I'm trying to imagine how that works. Imagine you've got a nueral net. One node identifies the number of feet. One node identifies that number of wings. One node identifies color. This feeds into a layer that tries to predict what animal it is.

With backprop, you can sort of assume that given enough scale your algo will identify these important features. With local learning, wouldn't you get a tendency to identify the easily identifiable features many times? Is there a need for a sort of middleman like a one arm bandit kind of thing that makes a decision to spawn and despawn child nodes to explore the space more?

[+] nmca|5 years ago|reply

Interesting discussion on the ICLR openreview, resulting in a reject:

https://openreview.net/forum?id=PdauS7wZBfC

[+] marmaduke|5 years ago|reply

The review is great, it contains all the interesting points and counterpoints, in a much more succinct format than the article itself.

[+] justicezyx|5 years ago|reply

Another well received paper [1], but I want to point out that ICLR should really have an industry track.

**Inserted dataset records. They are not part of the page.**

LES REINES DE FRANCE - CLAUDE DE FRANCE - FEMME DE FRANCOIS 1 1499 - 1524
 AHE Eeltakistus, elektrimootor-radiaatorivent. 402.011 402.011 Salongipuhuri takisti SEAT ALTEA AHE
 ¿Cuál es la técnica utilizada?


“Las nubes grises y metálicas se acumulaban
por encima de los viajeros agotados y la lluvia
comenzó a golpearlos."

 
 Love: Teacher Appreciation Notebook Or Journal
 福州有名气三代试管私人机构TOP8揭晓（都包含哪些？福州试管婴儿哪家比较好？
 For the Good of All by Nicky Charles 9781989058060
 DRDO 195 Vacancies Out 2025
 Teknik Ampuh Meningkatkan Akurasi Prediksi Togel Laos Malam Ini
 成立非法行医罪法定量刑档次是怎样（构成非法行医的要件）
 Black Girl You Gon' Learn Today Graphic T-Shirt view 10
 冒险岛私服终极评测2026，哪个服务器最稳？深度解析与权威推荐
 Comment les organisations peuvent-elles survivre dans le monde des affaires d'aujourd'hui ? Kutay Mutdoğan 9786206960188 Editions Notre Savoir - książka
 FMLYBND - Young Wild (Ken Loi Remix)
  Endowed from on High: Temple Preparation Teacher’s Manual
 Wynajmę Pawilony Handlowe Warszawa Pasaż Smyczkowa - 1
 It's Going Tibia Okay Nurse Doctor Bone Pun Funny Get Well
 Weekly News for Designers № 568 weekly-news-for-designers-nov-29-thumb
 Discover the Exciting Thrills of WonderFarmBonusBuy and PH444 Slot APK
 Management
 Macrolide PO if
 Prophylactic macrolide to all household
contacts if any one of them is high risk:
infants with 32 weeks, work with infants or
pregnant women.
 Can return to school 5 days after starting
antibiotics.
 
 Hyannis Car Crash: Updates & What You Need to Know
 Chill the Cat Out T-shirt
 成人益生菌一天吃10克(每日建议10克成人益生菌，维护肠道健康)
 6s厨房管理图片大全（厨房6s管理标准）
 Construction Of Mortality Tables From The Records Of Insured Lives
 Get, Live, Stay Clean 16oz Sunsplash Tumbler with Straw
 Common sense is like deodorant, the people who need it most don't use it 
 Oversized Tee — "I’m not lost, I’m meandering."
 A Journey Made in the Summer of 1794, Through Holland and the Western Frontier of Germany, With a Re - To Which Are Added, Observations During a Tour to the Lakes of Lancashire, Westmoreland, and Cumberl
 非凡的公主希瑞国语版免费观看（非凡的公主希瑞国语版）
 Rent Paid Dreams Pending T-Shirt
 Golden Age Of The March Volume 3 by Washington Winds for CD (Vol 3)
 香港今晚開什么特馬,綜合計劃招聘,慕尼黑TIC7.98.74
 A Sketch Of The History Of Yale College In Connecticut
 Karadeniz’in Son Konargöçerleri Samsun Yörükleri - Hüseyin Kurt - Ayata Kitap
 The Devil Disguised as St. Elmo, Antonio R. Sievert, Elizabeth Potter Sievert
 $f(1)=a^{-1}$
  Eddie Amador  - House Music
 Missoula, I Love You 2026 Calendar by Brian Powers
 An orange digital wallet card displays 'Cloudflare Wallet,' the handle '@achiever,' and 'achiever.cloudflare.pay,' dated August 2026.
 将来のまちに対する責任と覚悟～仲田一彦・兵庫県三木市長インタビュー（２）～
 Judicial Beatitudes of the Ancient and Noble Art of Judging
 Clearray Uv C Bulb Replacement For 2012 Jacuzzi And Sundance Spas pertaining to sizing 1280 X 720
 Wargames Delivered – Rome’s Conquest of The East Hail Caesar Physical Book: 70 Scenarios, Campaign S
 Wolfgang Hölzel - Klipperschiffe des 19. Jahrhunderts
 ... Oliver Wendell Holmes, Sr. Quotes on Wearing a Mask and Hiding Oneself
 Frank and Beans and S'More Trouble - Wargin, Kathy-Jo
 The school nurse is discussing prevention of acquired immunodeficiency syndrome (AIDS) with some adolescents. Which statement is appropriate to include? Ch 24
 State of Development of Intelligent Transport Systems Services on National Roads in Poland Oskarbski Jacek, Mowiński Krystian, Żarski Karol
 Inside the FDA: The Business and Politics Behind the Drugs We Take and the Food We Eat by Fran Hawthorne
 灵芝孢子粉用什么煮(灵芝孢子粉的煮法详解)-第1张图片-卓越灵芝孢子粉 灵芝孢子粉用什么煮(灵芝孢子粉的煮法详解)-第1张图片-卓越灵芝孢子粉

The type of research in [1] (exhaustive analytic study on various parameters on RL training), is clearly beyond typical academia environment, probably also beyond normal industry labs. Note the paper was from Google Brain.

The study consumes a lot of people's time, and computing time. It's no doubt very useful and valuable. But I dont think they should be judged by the same group of reviewers with the other work from normal universities.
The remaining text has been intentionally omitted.